Dealing with everyday life
:: I was wondering how you other mommies who have lost a child..How you all deal with everyday life. Its only been 4 mths since mi beautiful daughter passed away in a car accident. I still have such bad days that i cant even get out of bed. Does that get any better? Will i ever be able to look at her pictures & not cry? ::
so sorry about your loss! my aunt lost her son who was 22 in a car accident 8 years ago, and i know she still thinks about him all the time!i hope that things get better for you!
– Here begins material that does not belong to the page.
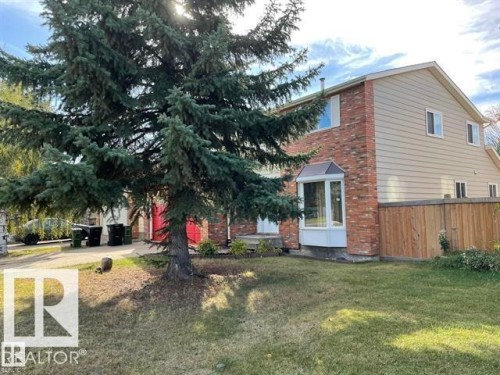 The property features a brick and siding exterior with a bay window, a manicured lawn, and mature trees - 9320 175 Street, Edmonton, AB - Outdoor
:: Thank you! I dont see how i do it everyday or any other mom whos lost their child :( Your little one is adorable. ::
im so sorry to hear that. one day you will be able to look at her pictures... you may cry still though. but shes with the angels in heaven and everyone you have lost in the past is watching over her. I've miscarried 2. I never got to really know what its like to be pregnant or have a child. (1st i was 5 weeks, 2nd i was barely 5 weeks, like 2 days short of being 5 weeks) I just wonder if i will ever be able to carry and child and know what its like to have one. I also this past Wednesday, mourned the 3 year marker of my ex fiances death. He was only 20 and should have been turning 23 this summer. we werent together when he passed, but since i spent 4 years of my life he was a big part of it. i was the 1st one his mom called and told. to this day, i still talk to his mom, she still looks at pictures and thinks of the day he died. she still cries, and there are still days she doesnt want to get out of bed as well. i tell her to stay positive because he watching over her. and one day they will be reunited again... which same goes for you. one day you and your little one will be reunited as well.
:: Thank you! I have days where i think im okay but i do cry every day!! I am very sorry for your loss. I have some friends who have had a few miscarriages before their child so im sure you will have a beautiful baby someday!! I hope to just one day not feel like im dying when i hear her name or me not to cry when someone mentions her :( ::

I wont tell you it really gets better. I lost my son over a year ago, I have plenty of well I call them my baby loss family who have lost children that would be 18 now. You never get over it and its a tragic burden you will deal with the rest of you life. BUT you learn tto deal with it. Take it day by day and it will start to get easier. I will tell you that you should find a strong support group of women who know what your going through. Talk about it, It helps, like really helps. Remeber your daughter always. Celebrate the time you had with her.

When I lost my son, I felt dead for months, like nothing was ever gonna pull me out of it. This group helped me so much.